§ Collected material:
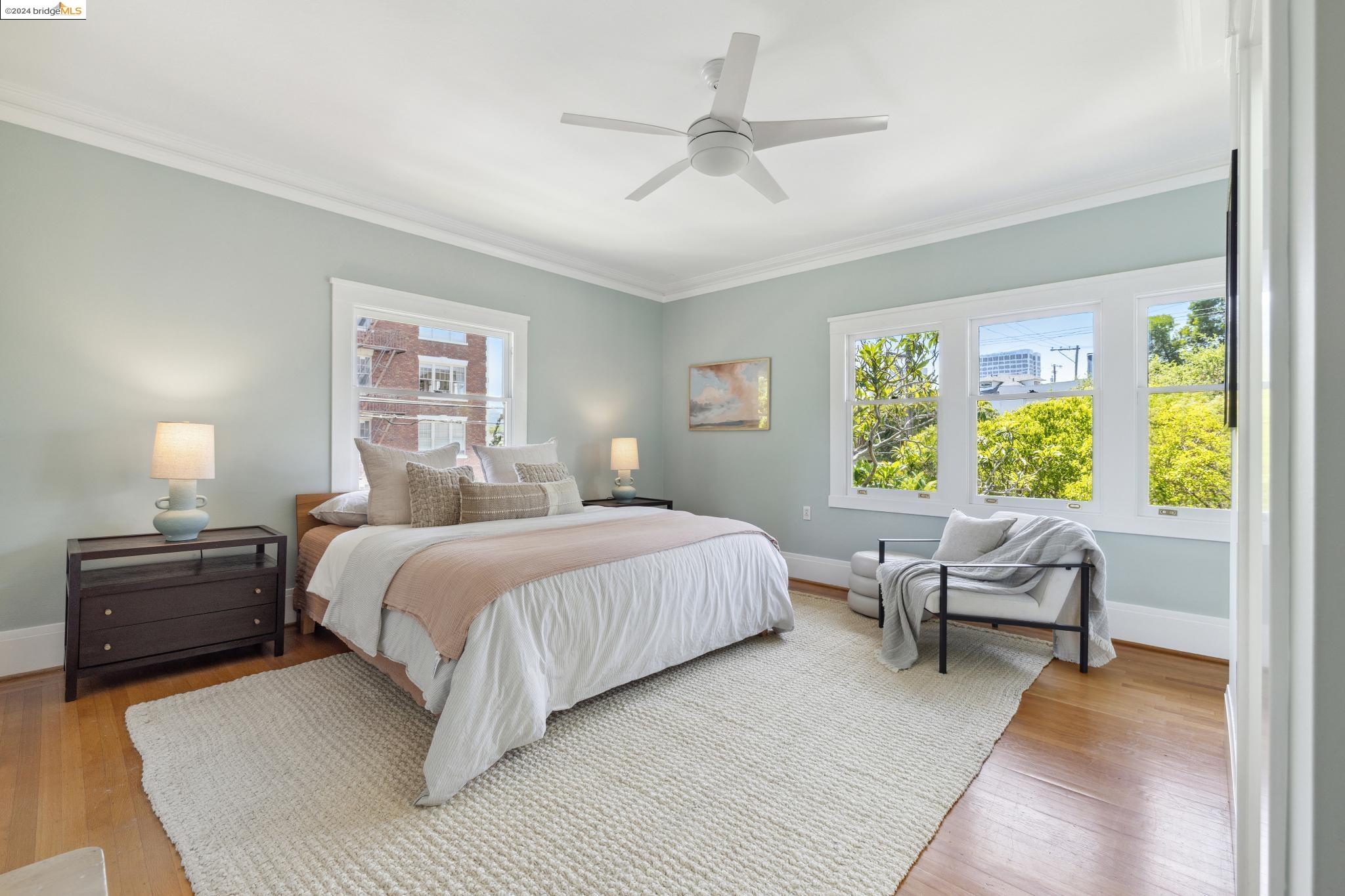 360 Van Buren Ave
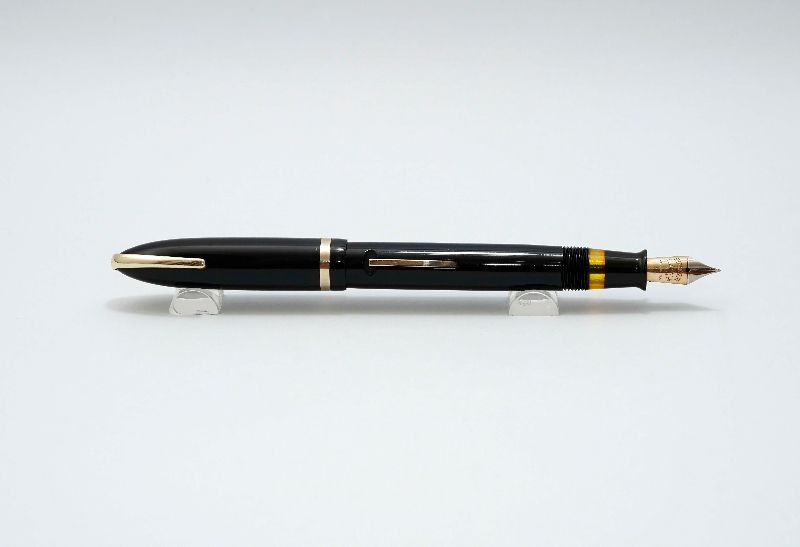 Sheaffer_Valiant_Military_Clip_Balance_Black_Celluloid_11.jpg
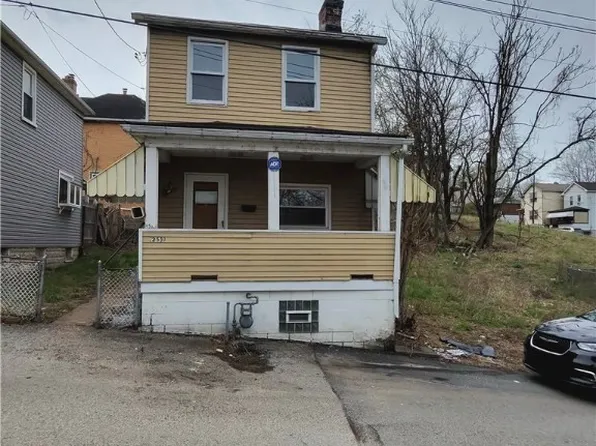 2510 Oak St, McKeesport, PA 15132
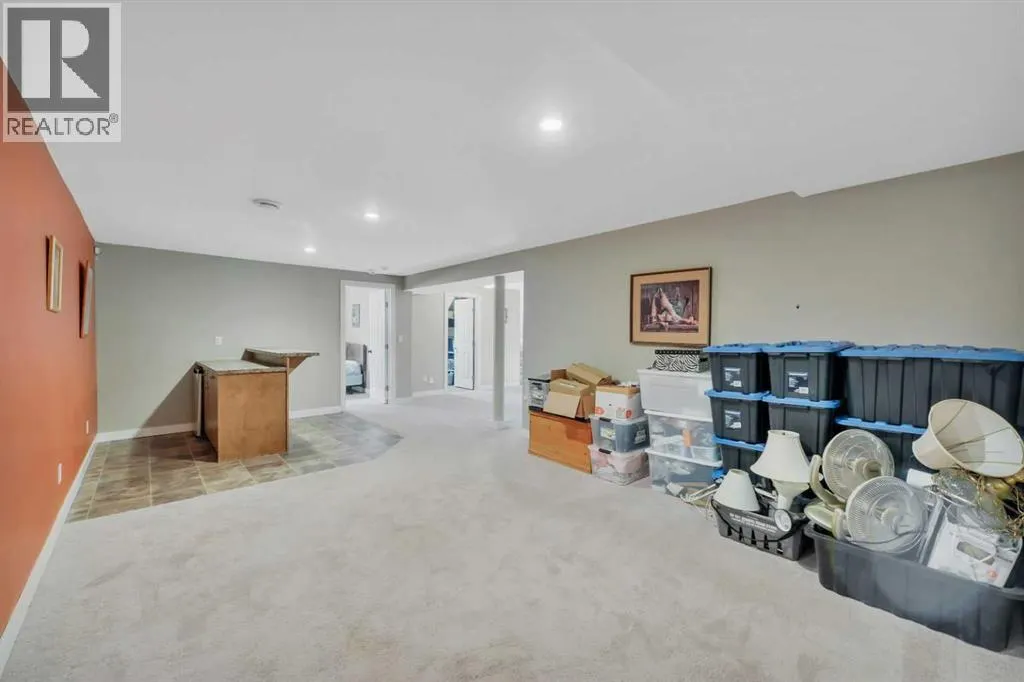 25 Odstone Green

§ Goal of the exercise: With the pictures excluded, retype exactly the lines from the one containing "2510 Oak St, McKeesport, PA 15132" through the last line of the listing, both ends included.

§ Written answer:
 2510 Oak St, McKeesport, PA 15132
 25 Odstone Green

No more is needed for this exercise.